Chronic Fatigue Syndrome: What Science Tells Us About This Complex Condition
Introduction
“You could say I was the recipient of a miracle” [1]. Fiona Symington has suffered from myalgic encephalomyelitis (ME), or chronic fatigue syndrome (CFS), for 14 years, and in 2018, she did “what many say is impossible” - she recovered completely.
When Fiona was 11 years old, she abruptly began experiencing pain in her knee, which then spread to her lower back, left hip, and eventually, to multiple other joints in her body. By 20, Fiona had received multiple diagnoses from different physicians, none of which completely encapsulated her symptoms.
As Fiona continued with her life, her ability to perform daily activities was affected to the extent that she was not able to walk across her bedroom. After many doctor visits, Fiona’s rheumatologist finally diagnosed her with chronic fatigue syndrome. However, this illness had no cure, and Fiona continued to endure the mental and physical pain she had been experiencing for years.
Fourteen years later, in November 2018, Fiona tried her hand at an exercise program, exercising for short periods of time and resting for long hours in between. After six weeks of consistent exercise, her ME/CFS symptoms significantly improved, and Fiona was able to begin physically exerting herself for longer periods of time [1].
While Fiona’s story may not represent the challenges faced by the larger population of ME/CFS patients, she is one of millions impacted by this disease.
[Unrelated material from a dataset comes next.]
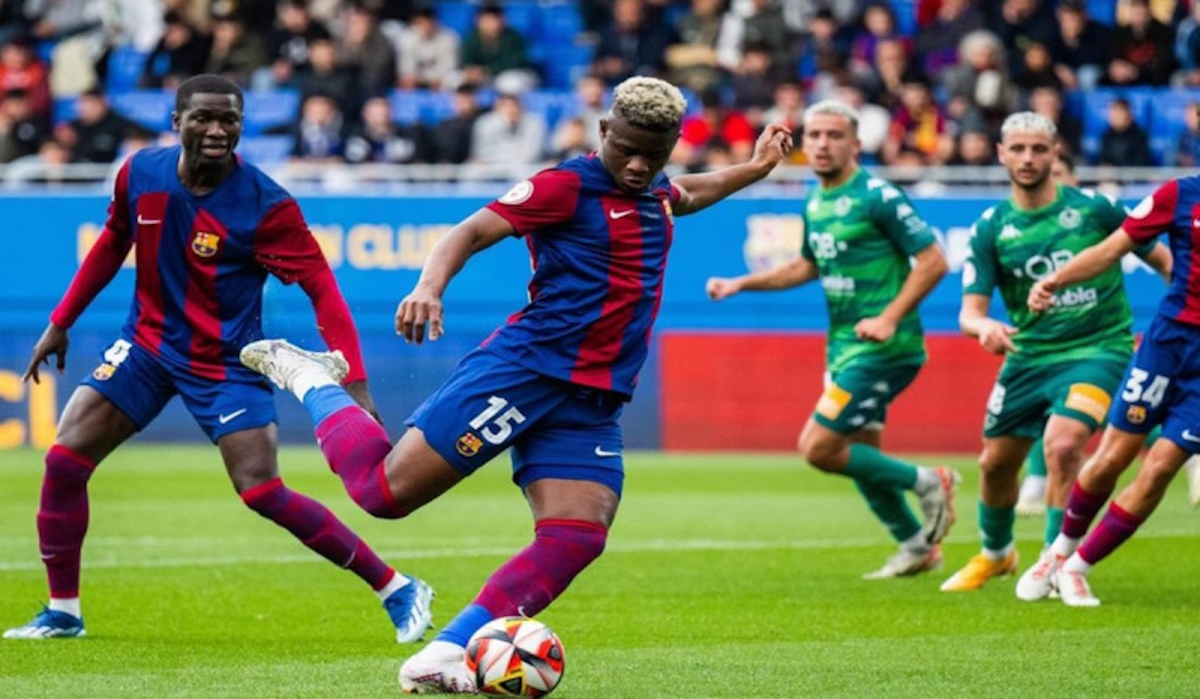 Bek Barcelona Mikayil Faye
The illness continues to be researched across the world, and while there is no cure currently, potential treatments are gradually emerging.
ME/CFS is a neurological condition characterized by severe fatigue, cognitive dysfunction, sleep problems, and other symptoms that impair a patient's daily living [2]. ME/CFS was originally classified as two separate diseases, but since the terms describe similar conditions, the two were deemed identical disorders in 2016 [3]. Causes of the disorder are currently unknown, but possible genetic and biological factors may contribute [3]. The development of treatments for ME/CFS is in progress, and awareness and understanding of the illness are crucial to supporting anyone with the disease.
Prevalence and Diagnosis
There are several underlying problems with measuring the prevalence of ME/CFS, such as relying on patient self-reported symptoms, challenges in conducting unbiased studies, and the absence of a specific biomarker or physical measurable substance indicative of the disease [3]. Estimates from multiple studies suggest that 0.89% of the United States population is affected, or approximately three million individuals [3].
The prevalence of ME/CFS varies with race, with Black patients generally facing more severe symptoms than White patients [4]. This may be due to greater disparities in healthcare accessibility, a lack of awareness, and preferences to manage symptoms without medical intervention [4]. Prevalence also varies by gender, with 60% of ME/CFS patients being women and 40% being men. This is likely due to biological differences, reproductive function, and genetic, hormonal, and neurometabolic factors [3] [5]. ME/CFS has also been found to have distinctly higher incidence rates at 10-19 years and 30-39 years of age [6].
The 1994 Fukuda CFS criteria have been used in research studies for the past 20 years to define and diagnose ME/CFS [7]. To be diagnosed, an individual must experience at least six months of chronic fatigue that reduces daily activity levels and is not alleviated by rest. Additionally, an individual must experience at least four of the following to be diagnosed: substantial impairment of short-term memory or concentration, sore throat, tender cervical and axillary lymph nodes, muscle pain, multi-joint pain without swelling or redness, headaches of a new type, pattern, or severity, unrefreshing sleep, or post-exertional malaise and discomfort [7]. A prominent lacking point in the Fukuda CFS criteria is that critical CFS symptoms, like post-exertional malaise and memory and concentration problems, are not required to diagnose CFS [8].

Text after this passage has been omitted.